If possible, CFOs should take on responsibility for turning around a failing business unit. This is the fastest way of gaining commercial experience relevant for a CEO role. Particularly as economies emerge from the pandemic, boards will be looking for leaders who can demonstrate an ability to drive growth and new business despite significant internal and external challenges.

Likewise, CFOs should involve themselves in other business functions. Whether it’s procurement and the supply chain, or facilities and security, CFOs should play a role outside of the finance function in order to gain broader business experience.

 

Build a highly-autonomous finance team 

The CFO’s role within organisations and their ability to easily expose themselves to other P&L units makes them suitable candidates for CEOs. However, CFOs are only as good as the team around them. Building a high-performing finance team that can drive the day-to-day operations of the function will have several outcomes. Firstly, it will free up a CFO to take on more responsibility around the business and gain more time with their CEO. Secondly, it’s a valuable proof point that CFOs can use in any interview to demonstrate their ability to build strong teams – as a CEO, building a strong cadre of trusted executives is crucial for success.

This should be a team that can be trusted to perform autonomously, with a strong second in command that the CFO can rely upon.

 

Take on a non-executive director (NED) role 

While financial management is central to any successful organisation, CFOs still need to develop expertise outside of the function if they are to step up as CEOs. Taking responsibility for P&L business units will provide this, however it won’t provide a CFO with the same board-level perspective that a NED role will.

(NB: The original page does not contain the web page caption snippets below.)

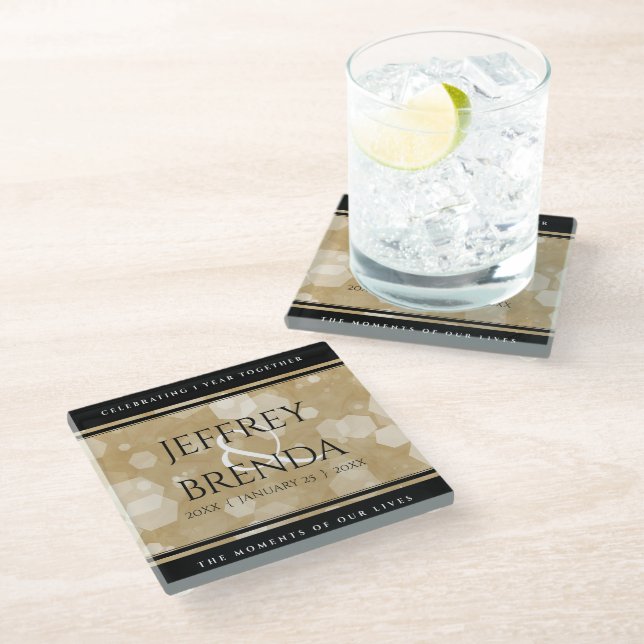 Posavasos De Vidrio Elegante 1er aniversario de Boda de papel (Angular)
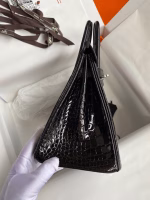 Hermes Birkin 25 Retourne Handmade Bag In Black Shiny Alligator Leather - Image 8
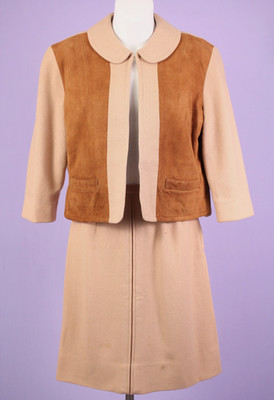 VTG Women's 60s 2 Pc Wool & Suede Field & Stream Suit XS/S 1960s Jacket Set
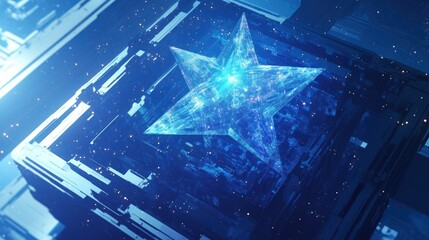 Futuristic blue geometric abstract stars composed of glass shards, creating sharp edges and intricate patterns giving a sense of depth and dimension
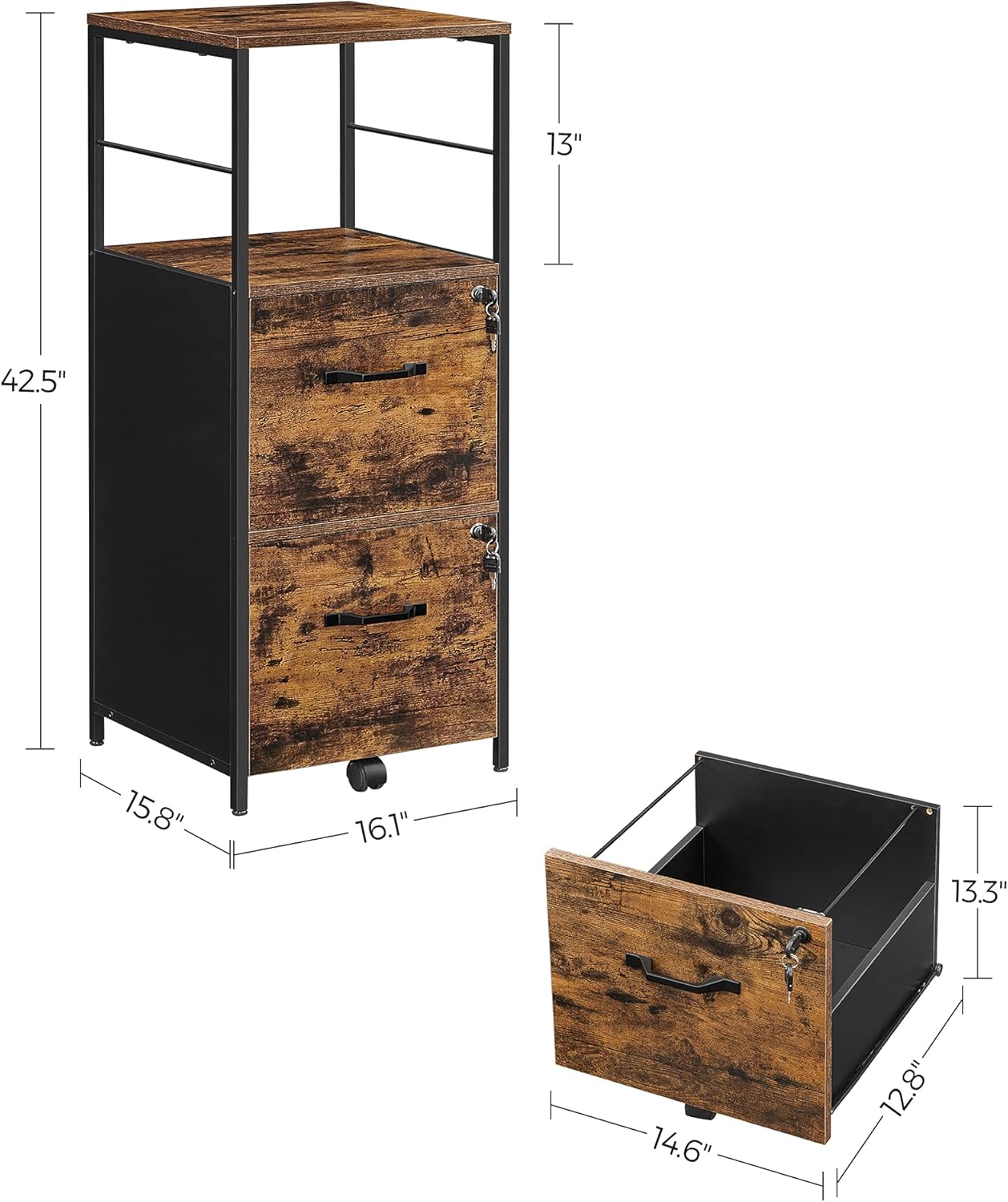 VASAGLE File Cabinet for Home Office, 2-Drawer Filing Cabinet with Lock, Open Shelf, Printer Stand, for A4 and Letter Sized Files, Adjustable Feet, Industrial, Rustic Brown and Ink Black UOFC045B01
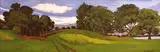 Jesse Don Rasberry, Rolling hills and oaks, oil on masonite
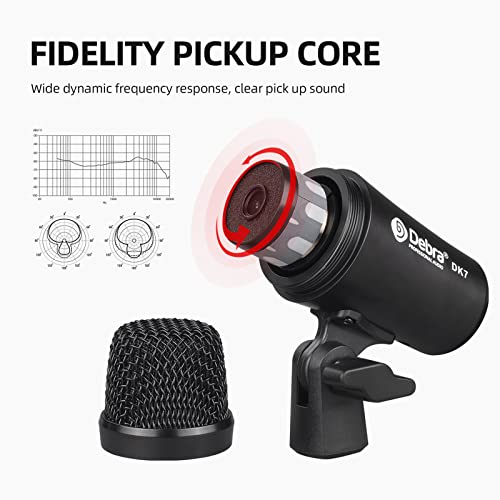 D Debra DK7 Pro 7-Piece Wired Drum Microphone Kit for Performing and Recording Drummers, Includes Mics, Mic Clip with Options for Kick Drums, Snare, Rack/Floor Toms, Congas and Cymbals - Image 3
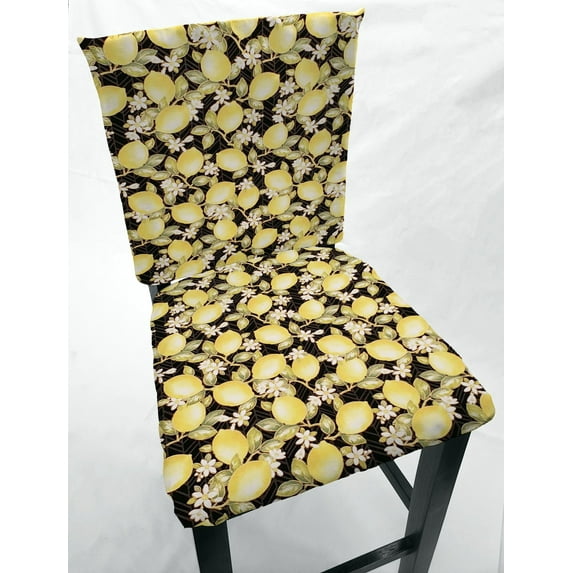 Lemon Blossoms Dining Room Chair Back Covers or Seat Covers by Penny's Needful Things (Chair Back Cover Only) (19 W x 16 H CHAIR BACK)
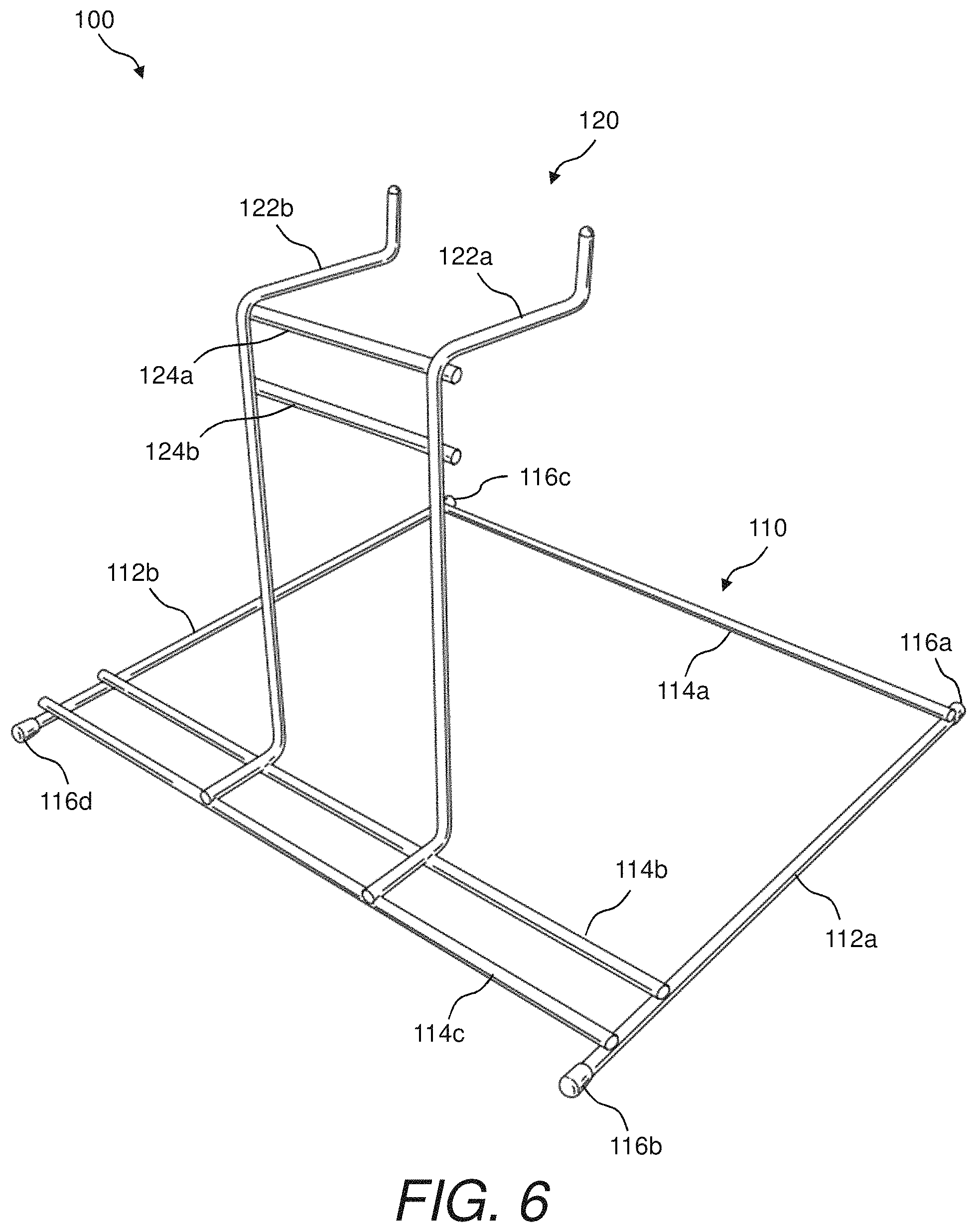 Patent US11780629 Figure 6 – Bag rack and method of using same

Taking on a NED role will not only help CFOs to understand what boards expect of CEOs but it will also provide experience of a different kind of leadership; one that is less hands on and more about guidance and mentorship.  Within the commercial sector, there are board roles among smaller quoted companies, those backed by private equity, or family owned businesses. Advisory boards and subsidiary boards are also a good option.

On the public sector side, board roles exist within organisations owned by or reporting to government. These include major infrastructure operators, the NHS, regulators, museums and other arts institutions. Likewise, a charity trustee role (while unpaid) is similar and will help to develop both a CFOs network and board skills.

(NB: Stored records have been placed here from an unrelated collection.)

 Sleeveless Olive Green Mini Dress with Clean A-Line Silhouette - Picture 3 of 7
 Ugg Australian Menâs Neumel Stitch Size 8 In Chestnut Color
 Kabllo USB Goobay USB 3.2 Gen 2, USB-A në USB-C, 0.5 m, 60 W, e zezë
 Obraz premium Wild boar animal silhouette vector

Auditing, budgetary reviewing and balance sheet responsibilities are often sought after skills in non-executive directors, making CFOs ideal for these positions.

 

Take on internal leadership positions 

These types of leadership positions should be separate to the finance function and can include things like internal workstreams, strategic initiatives such as I&D and sustainability, or CSR projects. The benefit of taking on this responsibility is two-fold. It helps build necessary leadership skills and provides leadership experience. But it also showcases a CFO within the business in a leadership capacity outside of finance. The later will be beneficial for any CFOs looking at internal progression onto the CEO position.

Mentoring achieves similar outcomes. This helps build leadership skills and can lead to greater exposure around the business. What’s more, any mentee may later become a useful contact in a CFOs network.

 

Network outside of the organisation 

CFOs often underestimate the power of a personal network. Building relationships with other senior leaders will enable a CFO to generate career opportunities that can lead onto CEO appointments. While professional networks within the CFO community are valuable, networking outside of these types of environments is likely to be the most profitable for career advancement.

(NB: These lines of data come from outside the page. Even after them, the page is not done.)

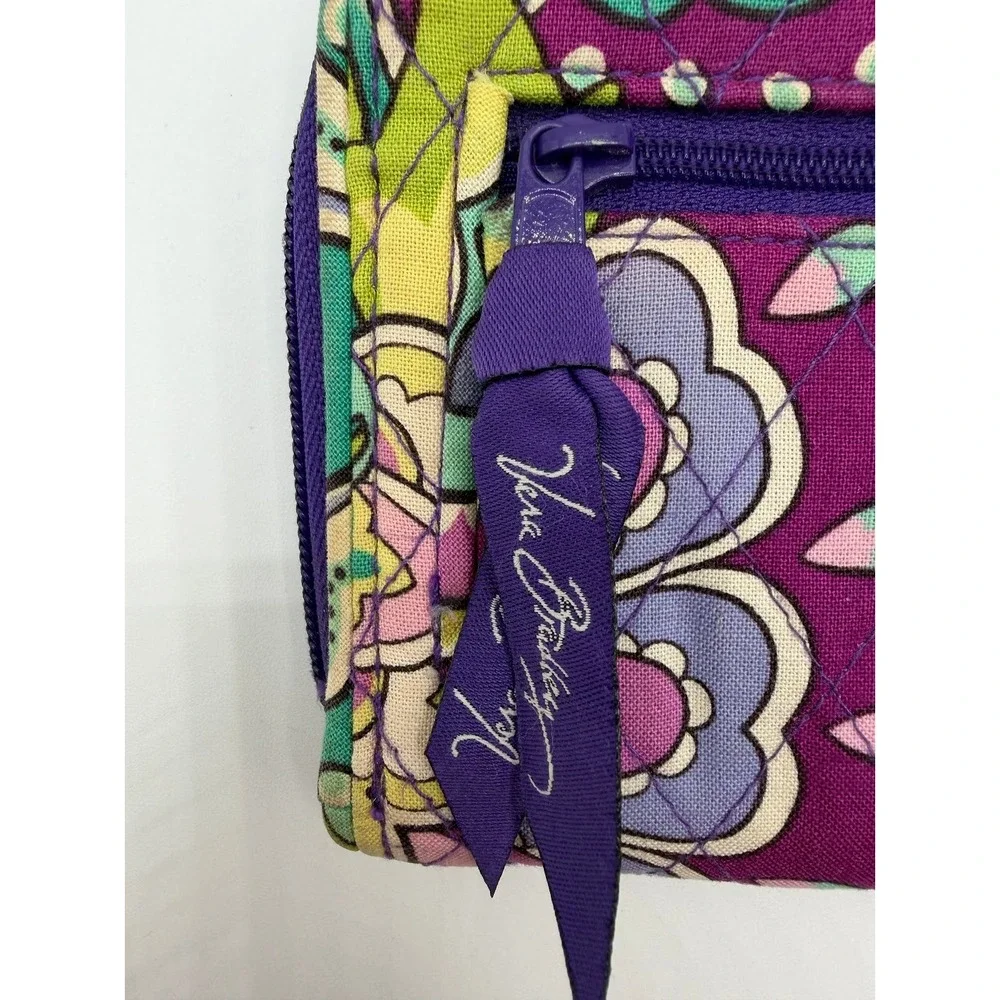 Vera Bradley Plum Crazy Quilted Zip Around Compact Wallet Purple Floral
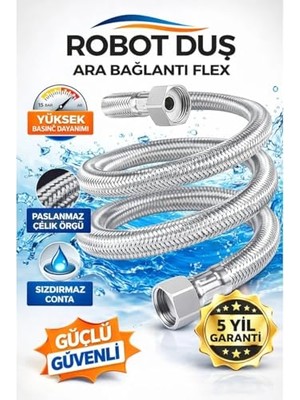 Trendexa 70 cm Robot Duş Ara Bağlantı Flex Hortumu, Paslanmaz Çelik Örgü, Epdm Iç Boru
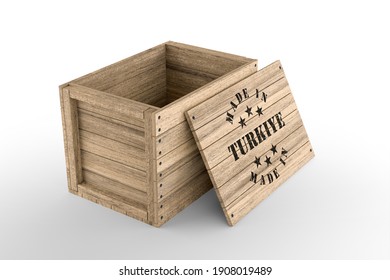 Large wooden crate with Made in Turkiye text on white background. 3D rendering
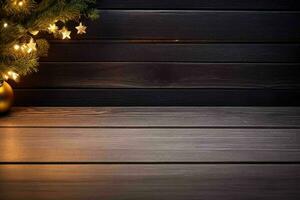 AI generated wood table in front of christmas light night, abstract circular bokeh background. Pro Photo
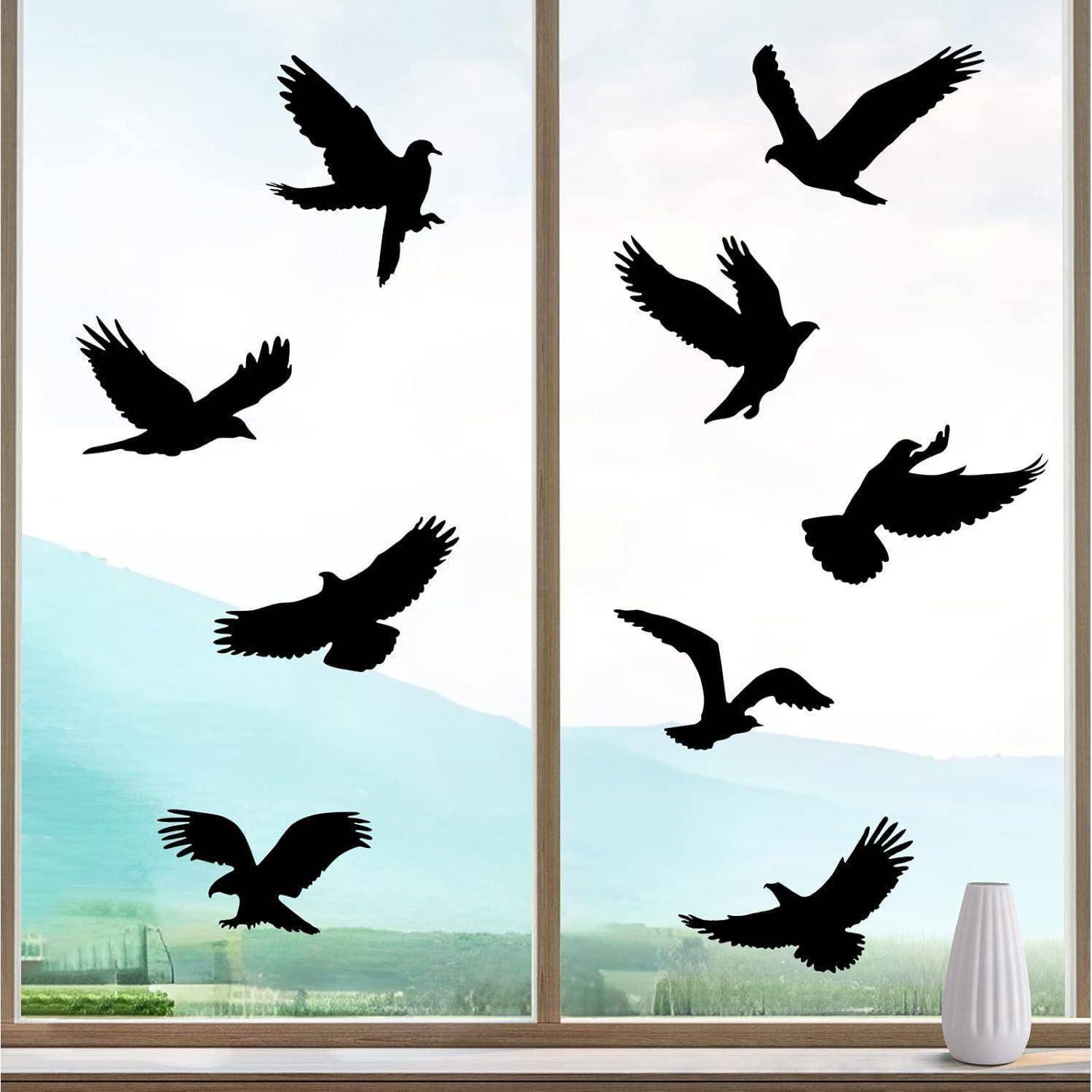HOOWA Fensteraufkleber Vogelschutz 9 Stück Schwarz PVC 27-31cm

Any CFO looking to make the jump to CEO should build relationships with a variety of third parties. These include shareholders and brokers, investors, M&A specialists, bankers, and even lawyers. A CFOs experience and perspective can be incredibly valuable to these types of professionals so getting on their radar shouldn’t be difficult. Making the effort to build a relationship with them will pay dividends in the long run, and may lead to hearing about, or if you’re good enough, even being recommended for a CEO position.